Why attending this Hindu wedding was so cooling, despite the heat of the curries.

Wedding Ritual
I quite like having to remove my shoes at a wedding. When you are in menopause or post-menopause it’s very cooling. Did you know that we have hundreds of nerve endings and tiny blood vessels in the soles of our feet that are part of our ancient cooling mechanism? It’s the same with the palms of our hands and when we are ‘hot and bothered’ during menopause, our cooling mechanism kicks in when we allow these regions to be exposed and in the context of our feet, also staying in touch with the earth.  Looking at the bride’s beautiful henna-endowed hands reminded me how important our hands and feet are in controlling our body’s cooling mechanisms.  I loved her hands – covered with henna, they added to her grace and composure as she moved them through the numerous Hindu wedding rituals.
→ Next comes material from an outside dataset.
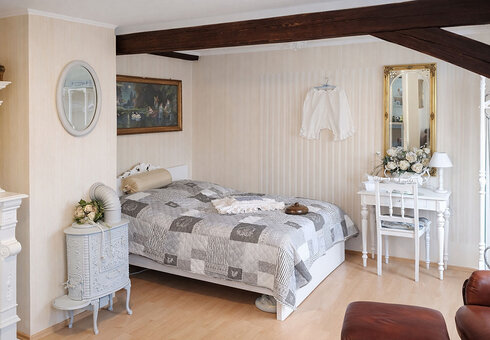 Blick in die Ferienwohnung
Taking my shoes off at the temple door to show respect for the Hindu culture, fitted perfectly in with my mid-life circadian rhythm. It is well known by chrono-biologists [people who study Circadian Rhythm], that our temperature regulation is also on a day/night cycle. And it’s why so many women going into and through menopause feel hot and bothered between the hour so  4-7pm. It’s when our body is primed for heat and it’s all part of our day/ night circadian rhythm.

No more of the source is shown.